Connectors are associated with RGs and are also referred to as SMTP Connectors.

Getting back our discussion on mail flow, in the simplest configuration you'd have a single Connector. Looking at the Properties, on the General tab there is a radio-button selection allowing you to either configure a smarthost or to use DNS.

If smarthost is selected, there should be an IP address in the field (as opposed to the FQDN format used in the VS).
If DNS is selected, it means that Exchange will attempt to send messages directly to the recipient system.

Troubleshooting Outbound Messaging

A couple of years ago I wrote a series of articles on what to do when users say inbound messages aren't getting to them. I am frequently asked for help figuring out why outbound messages seemingly don't get to where they are going.

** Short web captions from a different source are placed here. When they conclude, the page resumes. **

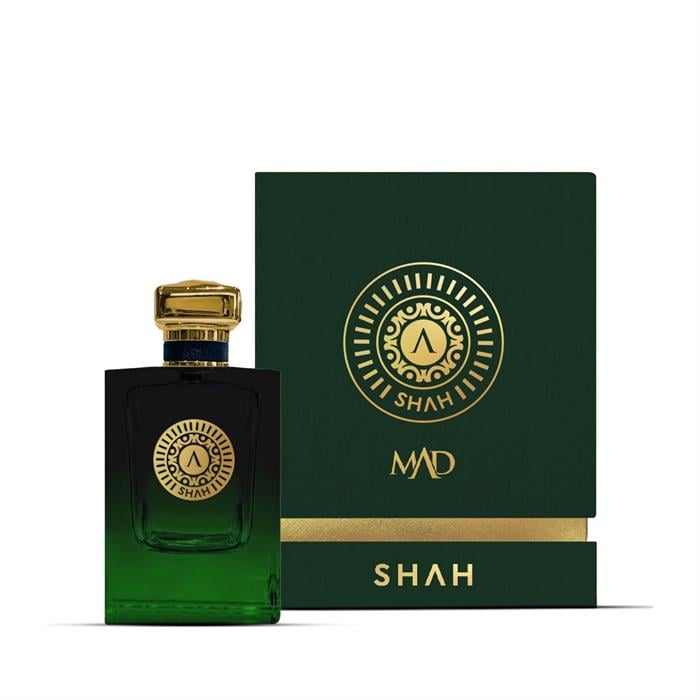 Shah 50 ml Unisex ParfümMAD ParfumeurNiche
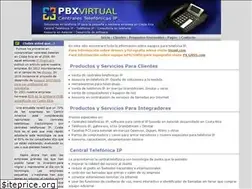 Sites similar to pbxvirtual.co.cr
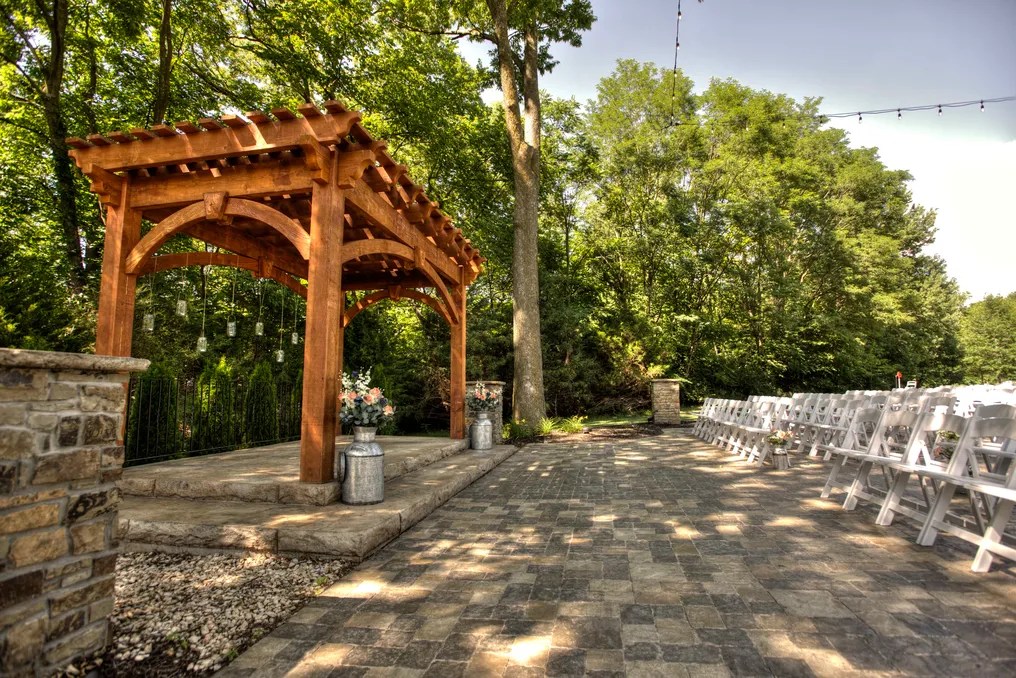 Timber Creek Event Center #9
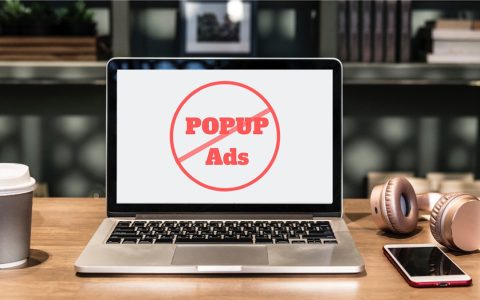 电脑总是弹出广告如何禁止所有弹窗广告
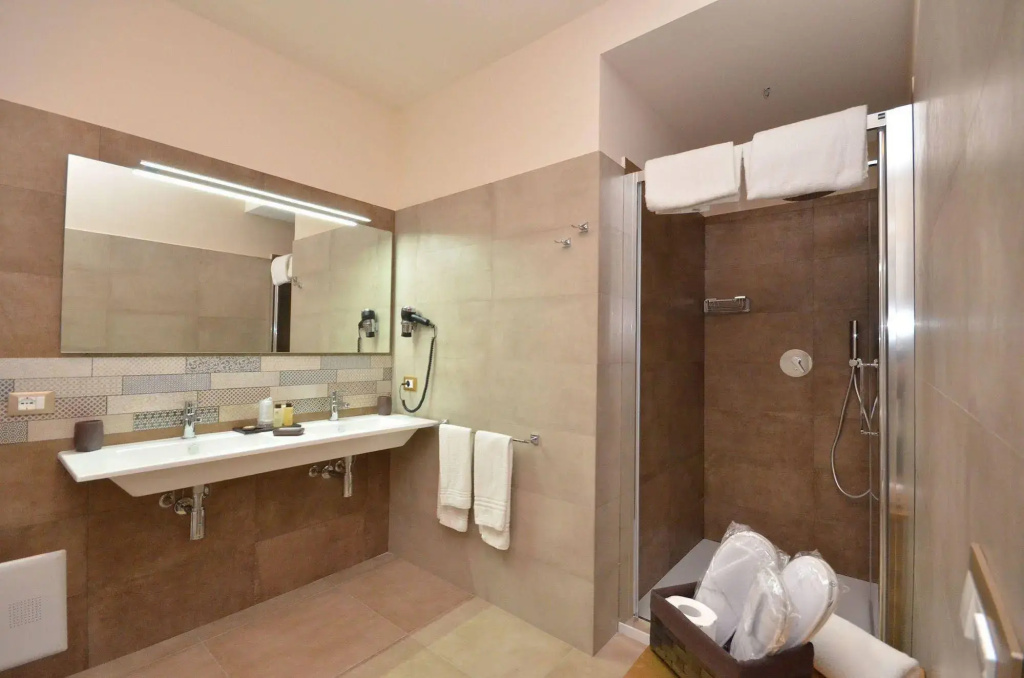 RIAD - Comfort Rooms - Général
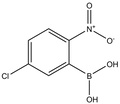 5-Chloro-2-nitrophenylboronic acid 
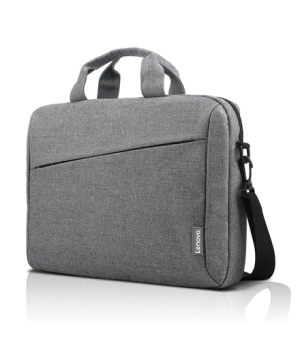 Lenovo | Casual Toploader T210 | Fits up to size 15.6 " | Messenger - Briefcase | Grey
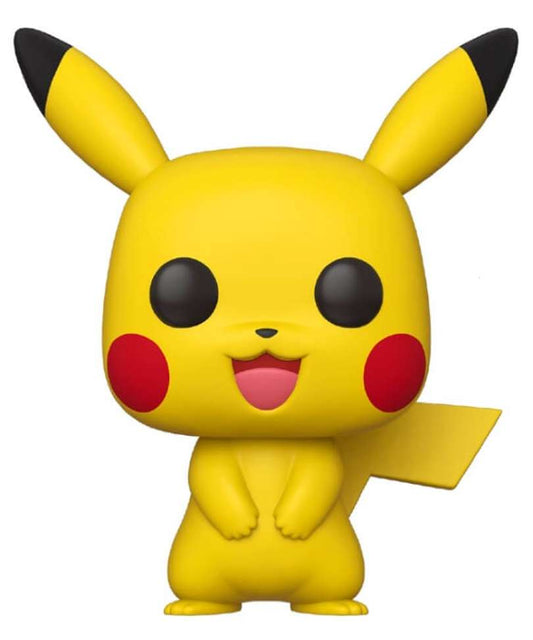 Funko Pop Pokèmon " Pikachu (18-Inch) "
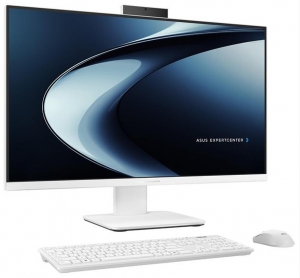 Asus ExpertCenter V470VAK White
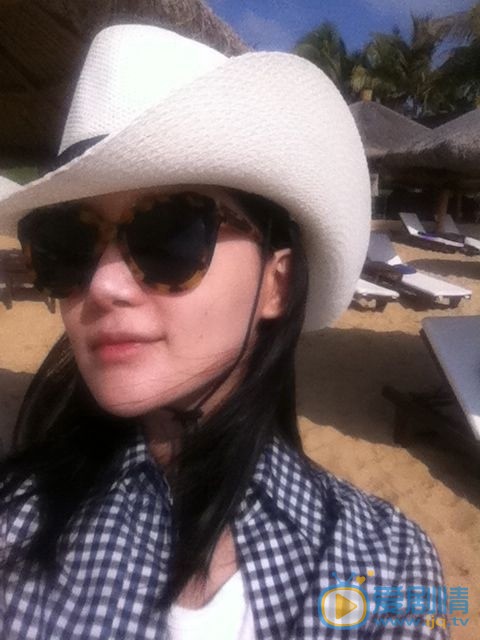 刘梓妍生活照 刘梓妍高清写真_刘梓妍高清剧照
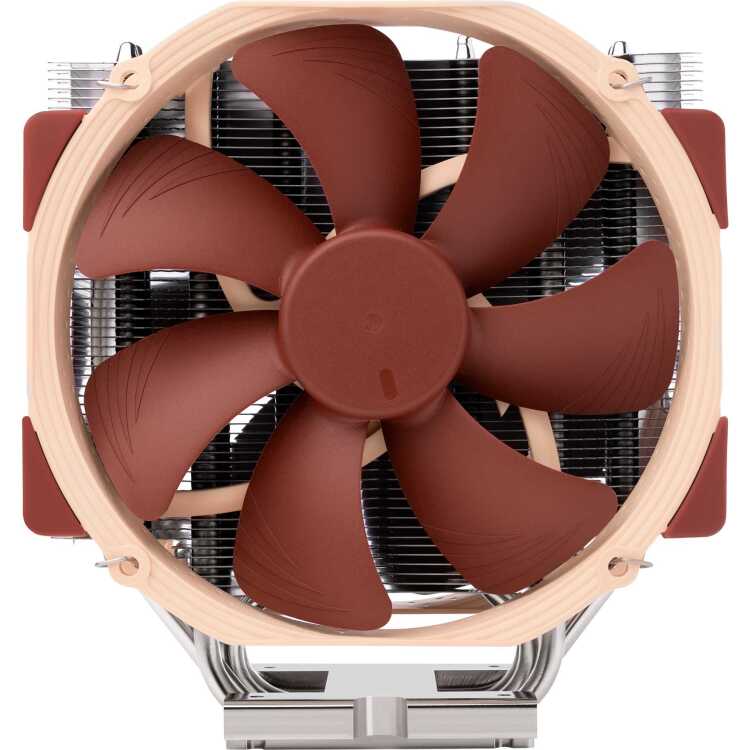 Noctua NH-U14S DX-4677 cpu-koeler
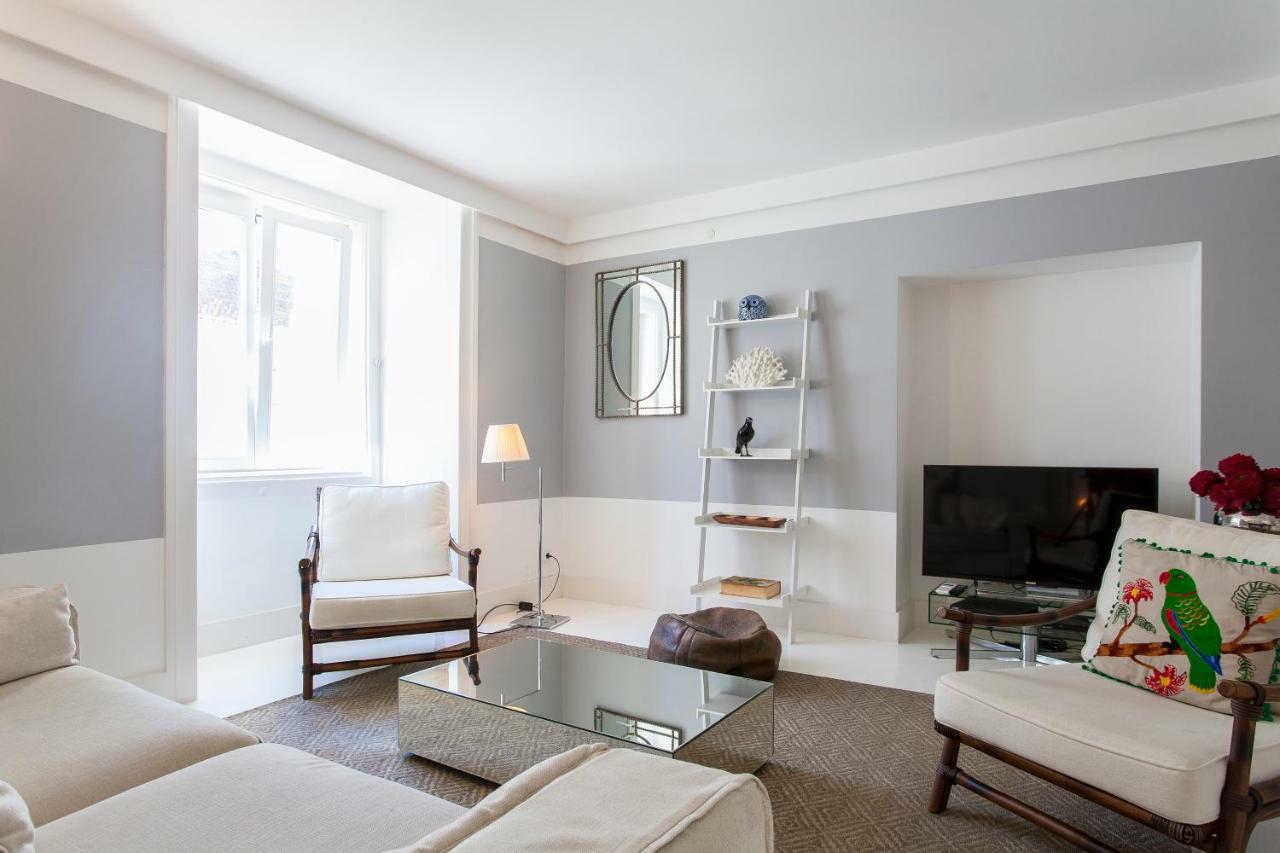 Joivy Baixa Deluxe Apartments Apartment Lisbon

Troubleshooting outbound mail flow is relatively simple (at least to me, but then again I'm a self-professed Messaging-geek). Whenever I bring up the subject, people look at me like I'm talking about something more (dark) art than science. I think that's only true until you gain an understanding of the science. With that in mind, here's my attempt to explain some of that science and hopefully put you on the path to becoming a troubleshooting wiz.

The easiest way to think about messaging is that it is a point-to-point transmission system. It starts somewhere and wants to go somewhere else. It may require only one tranmission (hop) or several. Each transmission succeeds or fails. Sounds simple so far, right?

Let me put it another way - here's how I look at troubleshooting message flow:

First, you have to know the path a message will take to get to its destination
Second, you have to determine how far along that path it got
Third, you have to figure out why it stopped (or if it stopped)

Sounds simple enough, but as the saying goes the devil is in the details. Towards that end, here are some separate articles about narrowing the focus of your search. I'm not sure the best way to follow along. As you get used to some of these ideas you may have to go back and forth. You may want to jump to the last article in the list and see how far you can get. I'll try to link up the articles as much as possible.


Understanding your outbound mail flow
Understanding Logs
What's a Smarthost?
What's a Relay?
Understanding Message Tracking
Understanding the Queues view
Understanding the SMTP log
Understanding basic SMTP commands and responses
Using NSLookup to verify recipient system address
Using Telnet to verify SMTP connectivity
Let's Troubleshoot (putting it all together) !!

Saturday, June 9, 2007

Using Telnet to simulate server communication

The best place to run Telnet is on the server which sends out your SMTP traffic. This will show you the same information that your SMTP engine receives when communicating with an outside system. Telnet allows you to specify the port through which to communicate. SMTP is defined as TCP port 25.

Open a command prompt window. Determine the FQDN or the IP address. If you need to determine this information, you can use NSLookup if you know the SMTP domain name you are attempting to connect to. For more information about this, read this article.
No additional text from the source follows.